1. A driving method for driving a display device, wherein the display device comprises a first driving circuit and a pixel array, and the driving method comprises:

a first mode, receiving a first light emission start signal via the first driving circuit to drive the pixel array, wherein the first light emission start signal comprises a plurality of first pulses, and each of the first pulses has a first duration respectively overlapped with at least a part of a period of each of a first frame and at least one second frame; and

a second mode, receiving a second light emission start signal via the first driving circuit to drive the pixel array, wherein the second light emission start signal comprises a second pulse with a second duration overlapped with at least a part of a period of the first frame, and the second light emission start signal remains at a first level in a period of the at least one second frame.

2. The driving method according to claim 1, wherein the display device further comprises a second driving circuit, and the driving method further comprises:

receiving a scanning start signal via the second driving circuit to drive the pixel array, wherein the scanning start signal comprises a third pulse with a third duration within the period of the first frame, and the scanning start signal remains at a second level in the period of the at least one second frame.

3. The driving method according to claim 2, further comprising:

receiving a scanning clock signal via the second driving circuit to drive the pixel array, wherein the scanning clock signal is switched to a third level and a fourth level at least once in the period of the first frame, and the scanning clock signal remains at the third level in the period of the at least one second frame.
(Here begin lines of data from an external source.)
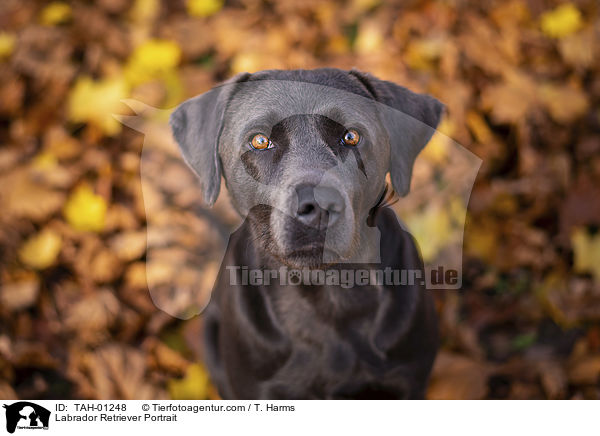 Labrador Retriever Portrait / Labrador Retriever Portrait / TAH-01248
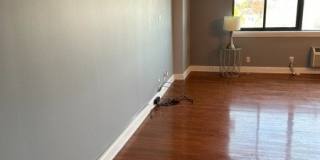 60 Parkway Dr Gallery 10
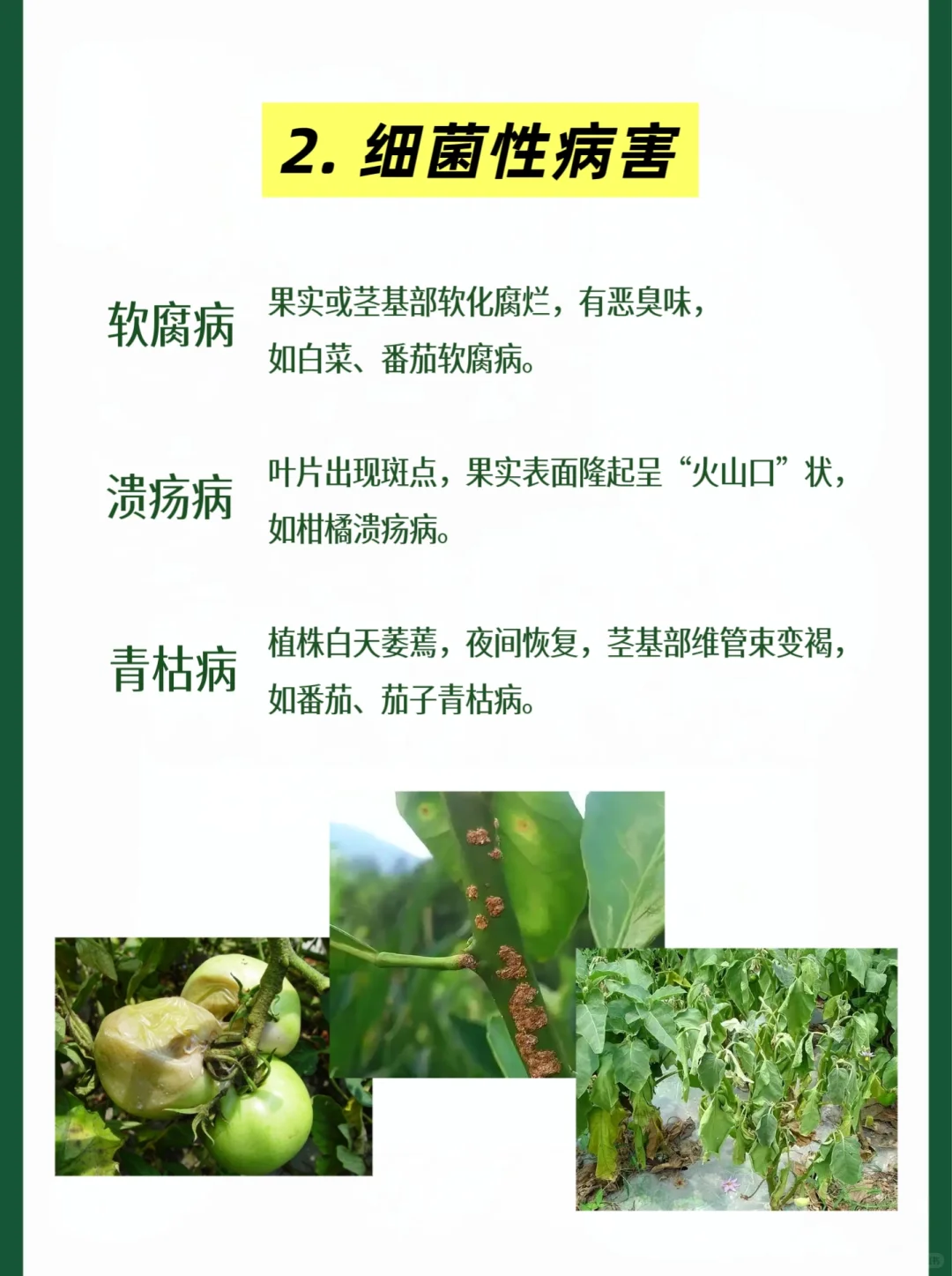 快速识别，蔬菜瓜果常见病虫害类型及案例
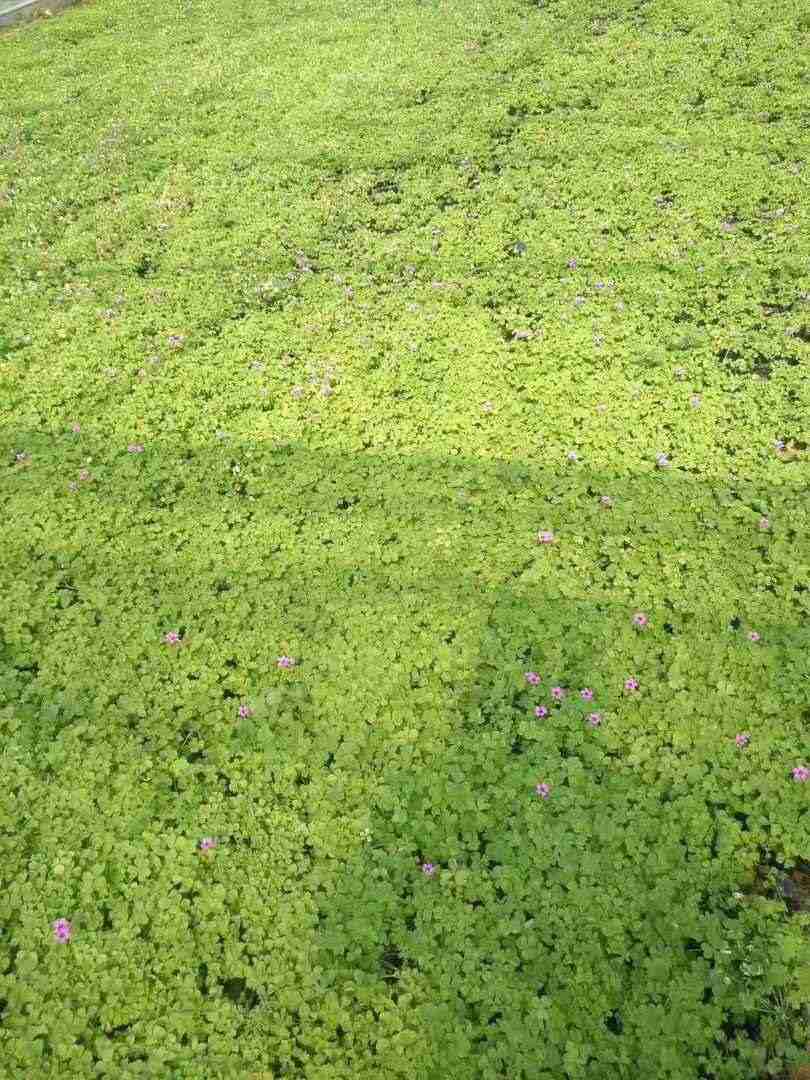 江西红花酢浆草种植基地,大花酢浆草批发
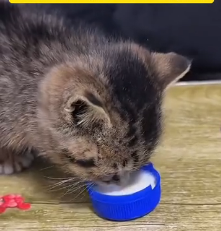 N2201058 This Animal’s Injury Turned Into a Life-or-Death Situation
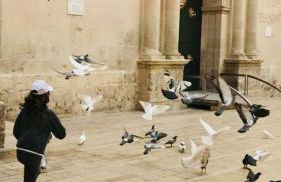 Boutique Apartment by the Sea - Photo 70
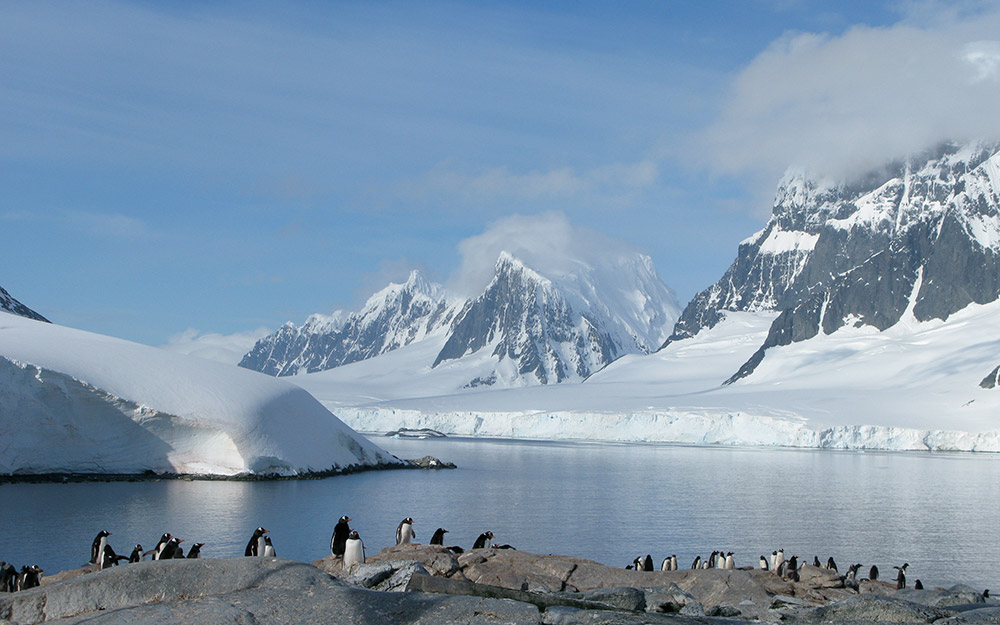 The bestselling Croatian Desserts cookbook travels to Antarctica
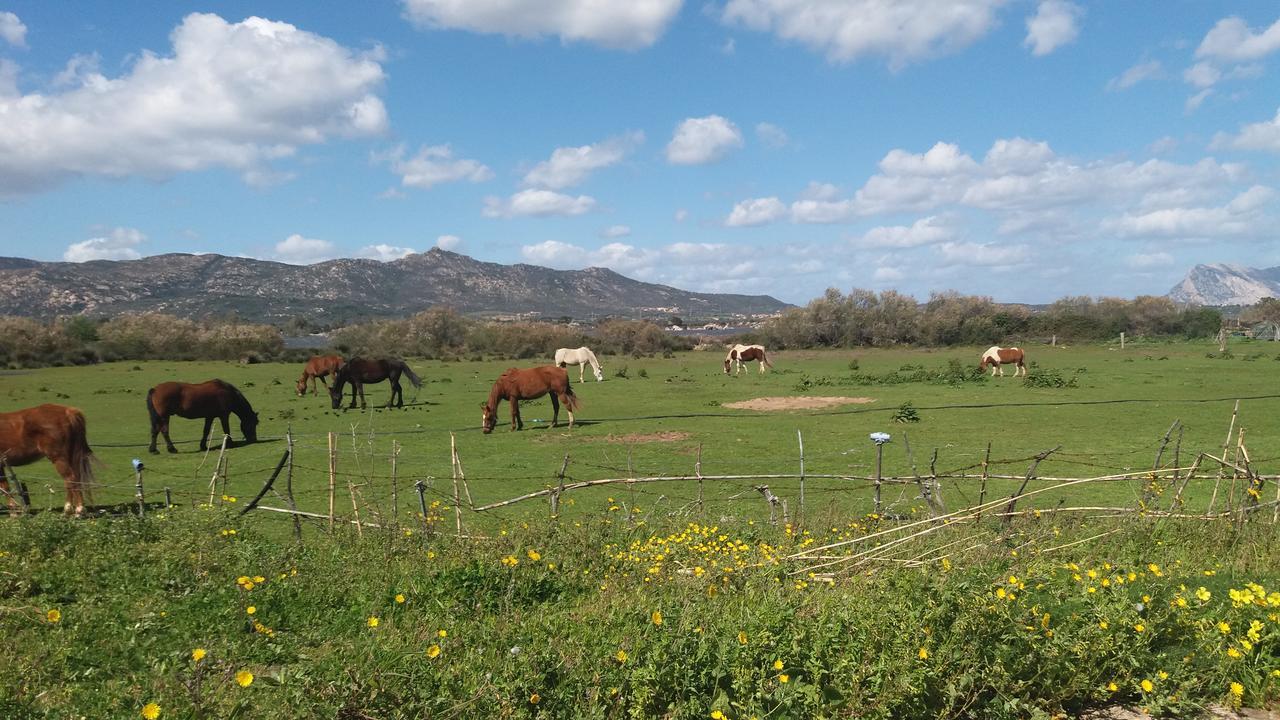 Settimo Cielo Bed & Breakfast San Teodoro  Eksteriør bilde
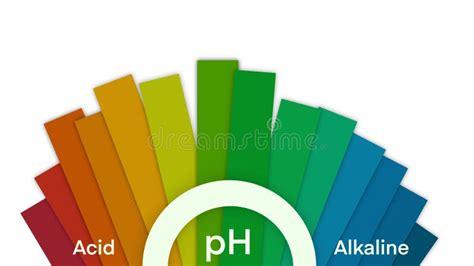 Ph Scale Diagram, Ph Scale Vector Graphic, Acid To Base, PH Scale ...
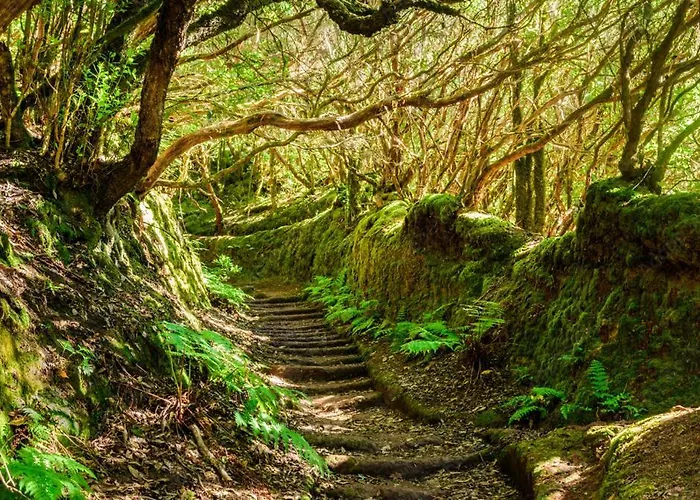 907 Estudio Con Terraza Martianez Apartamento Puerto de la Cruz (Tenerife)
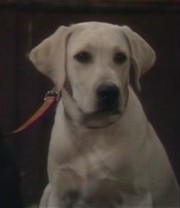 Zapato le Chien,                                     personnage                                 dans Les Feux de l&#039;Amour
4. The driving method according to claim 1, further comprising:

receiving a light emission clock signal via the first driving circuit to drive the pixel array, wherein the light emission clock signal repeatedly switches between a fifth level and a sixth level in the period of the first frame until data corresponding to the first frame is transferred to the pixel array, and after the data corresponding to the first frame is transferred to the pixel array, the light emission clock signal remains at the fifth level.

5. The driving method according to claim 2, wherein the third pulse is overlapped with the second pulse.

6. The driving method according to claim 5, wherein a rising edge of the second pulse of the second light emission start signal precedes the period of the first frame.

7. The driving method according to claim 5, wherein the second duration of the second pulse of the second light emission start signal is within the period of the first frame.

8. The driving method according to claim 1, further comprising:

detecting a pixel array luminance for adjusting the second duration of the second pulse.

9. The driving method according to claim 8, wherein the detecting the pixel array luminance for adjusting the second duration of the second pulse further comprises:

Prolonging the second duration of the second pulse of the second light emission start signal when the pixel array luminance is greater than a luminance threshold value.

10. The driving method according to claim 8, wherein the detecting the pixel array luminance for adjusting the second duration of the second pulse comprises:

shortening the second duration of the second pulse of the second light emission start signal when the pixel array luminance is less than a luminance threshold value.